» Required action
All of the listing must be given again exactly, except that the images are dropped.

» Recorded data
====================
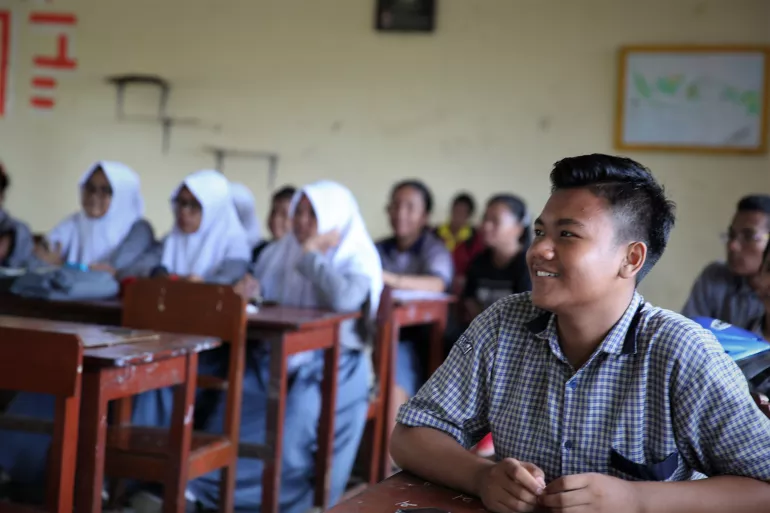 School students in class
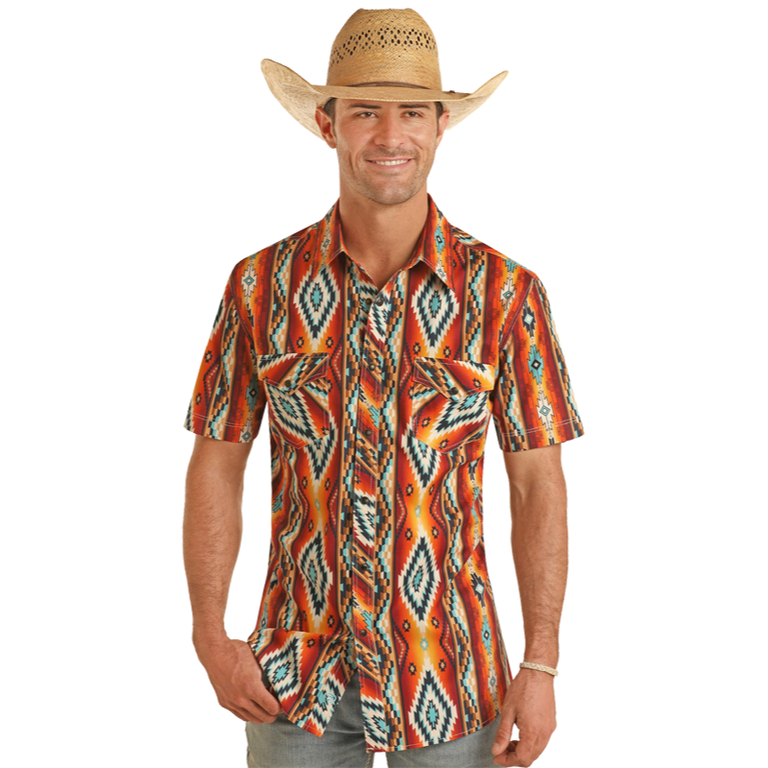 Rock and Roll Rock And Roll Aztec Snap S/S Shirt - Orange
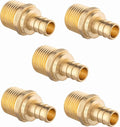 5-Pack Barb Crimp PEX Fitting 1/2" x 1/2" NPT Male Threaded Adapter For Pex Tubing Connecting Male Threaded Pipe,(PEX1807265)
====================
» Written reply
 School students in class
 Rock and Roll Rock And Roll Aztec Snap S/S Shirt - Orange
 5-Pack Barb Crimp PEX Fitting 1/2" x 1/2" NPT Male Threaded Adapter For Pex Tubing Connecting Male Threaded Pipe,(PEX1807265)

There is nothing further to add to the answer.